Recognizing human activities from visual inputs, particularly through a first-person viewpoint, is essential for enabling robots to replicate human behavior. Egocentric vision, characterized by cameras worn by observers, captures diverse changes in illumination, viewpoint, and environment. This variability leads to a notable drop in the performance of Egocentric Action Recognition models when tested in environments not seen during training. In this paper, we tackle these challenges by proposing a domain generalization approach for Egocentric Action Recognition. Our insight is that action sequences often reflect consistent user intent across visual domains. By leveraging action sequences, we aim to enhance the model’s generalization ability across unseen environments. Our proposed method, named SeqDG, introduces a visual-text sequence reconstruction objective (SeqRec) that uses contextual cues from both text and visual inputs to reconstruct the central action of the sequence. Additionally, we enhance the model’s robustness by training it on mixed sequences of actions from different domains (SeqMix). We validate SeqDG on the EGTEA and EPIC-KITCHENS-100 datasets.

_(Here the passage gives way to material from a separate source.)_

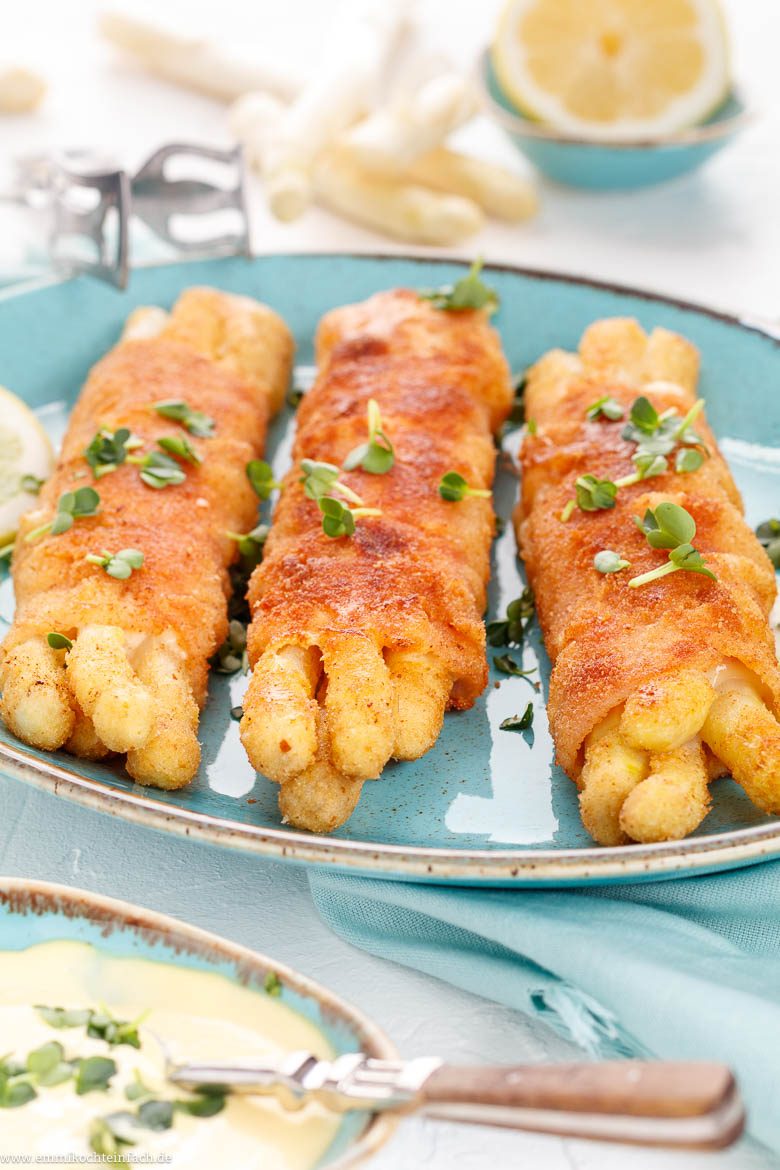 Spargel Cordon Bleu Röllchen - www.emmikochteinfach.de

Results on EPIC-KITCHENS-100, show that SeqDG leads to +2.4% relative average improvement in cross-domain action recognition in unseen environments, and on EGTEA the model achieved +0.6% Top-1 accuracy over SOTA in intra-domain action recognition. Code and Data: Github.com/Ashayan97/SeqDG

查看原文本刊更多论文

基于动作序列的自中心动作识别领域泛化

从视觉输入中识别人类活动，特别是通过第一人称视角，对于使机器人能够复制人类行为至关重要。以自我为中心的视觉以观察者佩戴的相机为特征，捕捉光照、视点和环境的多种变化。这种可变性导致自我中心行为识别模型在训练中没有看到的环境中测试时的性能显著下降。在本文中，我们通过提出一种以自我为中心的行为识别的领域泛化方法来解决这些挑战。我们的见解是，动作序列通常反映跨视觉域的一致用户意图。通过利用动作序列，我们的目标是增强模型在未知环境中的泛化能力。我们提出的方法名为SeqDG，它引入了一个视觉文本序列重建目标（SeqRec），该目标使用来自文本和视觉输入的上下文线索来重建序列的中心动作。此外，我们通过对来自不同领域的混合动作序列（SeqMix）进行训练来增强模型的鲁棒性。我们在EGTEA和EPIC-KITCHENS-100数据集上验证了SeqDG。在epic - kitchen -100上的结果表明，SeqDG在不可见环境下的跨域动作识别上的相对平均提高了2.4%，在EGTEA上，该模型在域内动作识别上的准确率比SOTA高0.6%。代码和数据：Github.com/Ashayan97/SeqDG

本文章由计算机程序翻译，如有差异，请以英文原文为准。

求助全文

约1分钟内获得全文求助全文

来源期刊

Pattern Recognition Letters 工程技术-计算机：人工智能

CiteScore

12.40

自引率

5.90%

发文量

287

审稿时长

9.1 months

期刊介绍： Pattern Recognition Letters aims at rapid publication of concise articles of a broad interest in pattern recognition. Subject areas include all the current fields of interest represented by the Technical Committees of the International Association of Pattern Recognition, and other developing themes involving learning and recognition.